Research on structurally related trichothecenes suggests that roridin E may inhibit kinase activity through covalent modification of cysteine residues within the enzyme's active site, potentially leading to Irreversible inhibition. Additionally, these compounds are known to disrupt adenosine triphosphate binding, a critical step for kinase activation, which can impair phosphorylation and downstream signal transduction.
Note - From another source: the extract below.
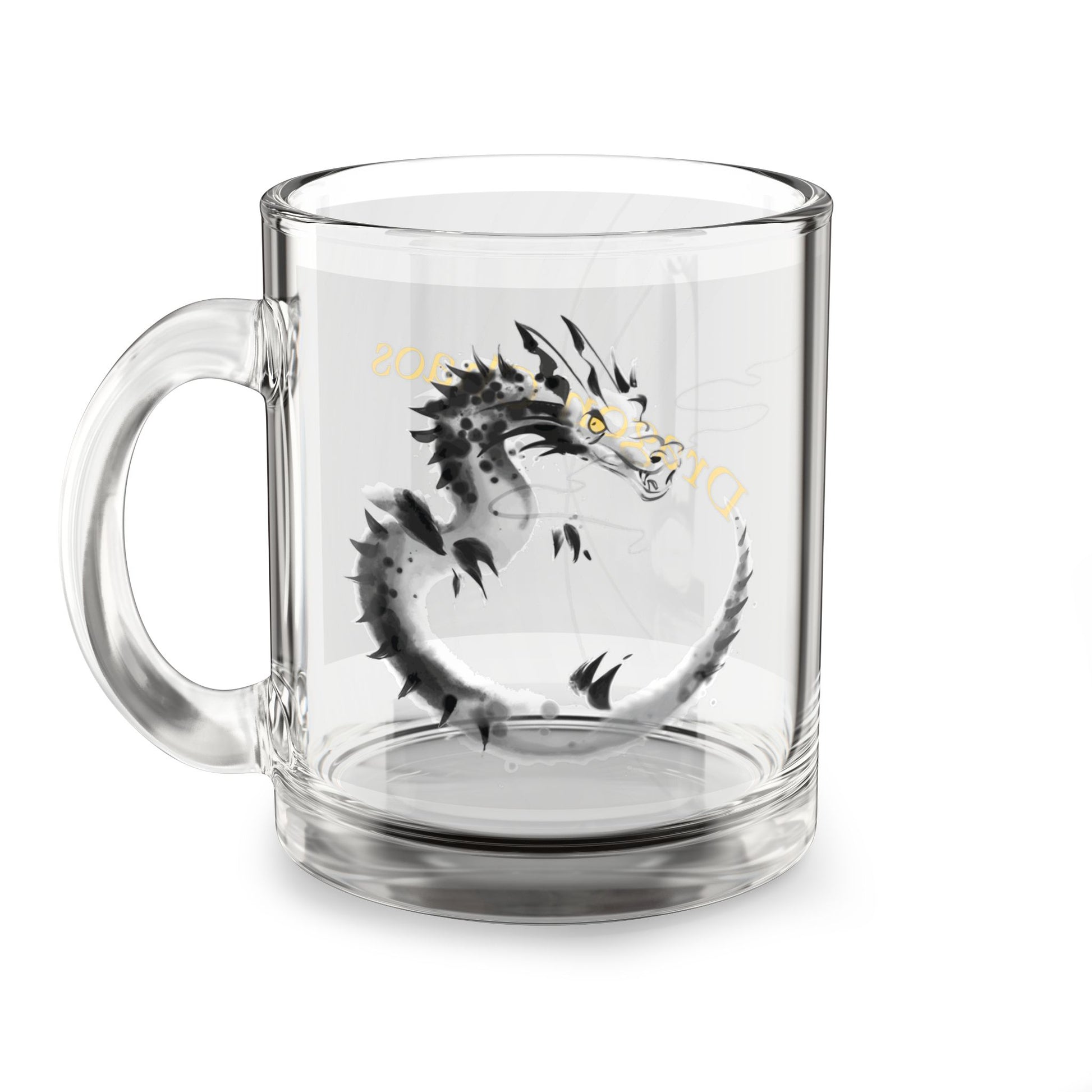 Chaos Dragon Glass Coffee Mug – Ink Brush Dragon Art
By inhibiting receptor tyrosine kinases, roridin E interferes with pathways essential for cell growth, survival, and proliferation. These disruptions can lead to apoptosis or reduced cellular viability, contributing to its potential as an anticancer agent. However, further studies are needed to fully characterize the specific molecular interactions and biological effects of roridin E.

=== Metabolism ===
While there is no specific study on the metabolism of roridin E, there have been studies on the metabolism of structurally related trichothecenes. Trichothecenes are easily absorbed through the skin, gastrointestinal tract, and pulmonary mucosa due to their lipophilicity. The biotransformation process involves the introduction of functional groups (e.g., hydroxy group) into the roridin E molecule, converting it into more polar metabolites. This occurs through various reactions, such as hydrolysis, hydroxylation, and de-epoxidation.
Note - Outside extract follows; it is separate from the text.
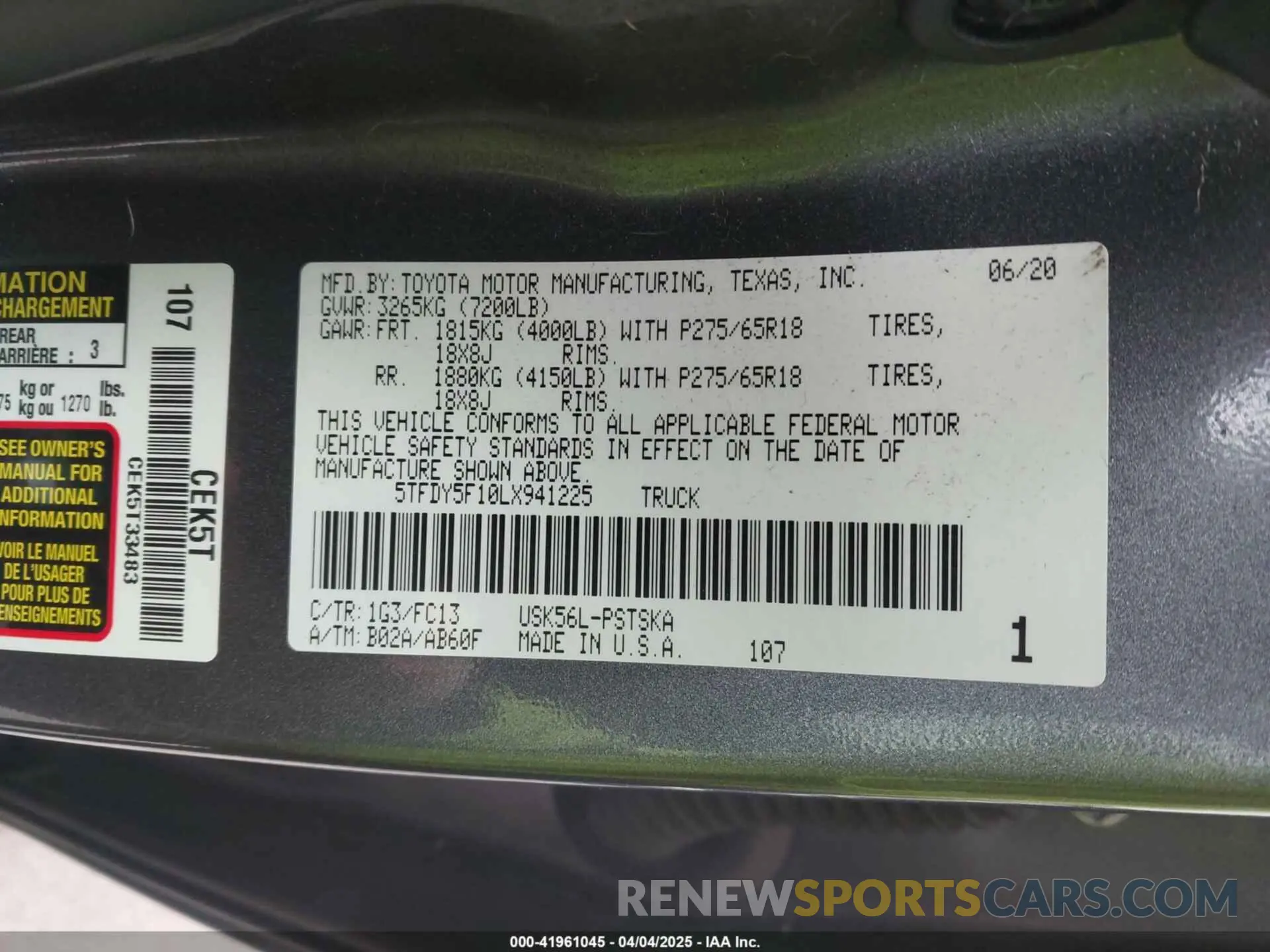 9 fotografías del automóvil dañado 5TFDY5F10LX941225 TOYOTA TUNDRA 2020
Metabolism primarily takes place in the liver and is facilitated mainly by cytochrome P450 enzymes and carboxylesterase. After metabolism, the less harmful polar metabolites are excreted via the kidneys into the urine or through the bile into the feces.

== Efficacy ==
Isolated roridin E from various fungi have been studied for its cytotoxic effects on different cancer cell lines, including Leukemia and Breast cancer cells In vitro. In one study on the effects of roridin E in 5 different types of human breast cancer cells treated with a roridine E showed significant signs of morphological changes. A reduction of in cell count was observed along with signs of cellular breakage and cell death compared to the control group. The IC50 for human breast cancer cells was determined to be 0.002 mg/L showing significant cytotoxic effects.

In studies on leukemia cells roridin E showed cytotoxic effects with cell death as a result and a IC50 range from 0.0005 and 0.042 μg/mL depending on the strain.

However the uses of roridin E in effective anti cancer treatment has not been studied in much detail because of the high cytotoxic effects, which makes it difficult to use it as an effective treatment.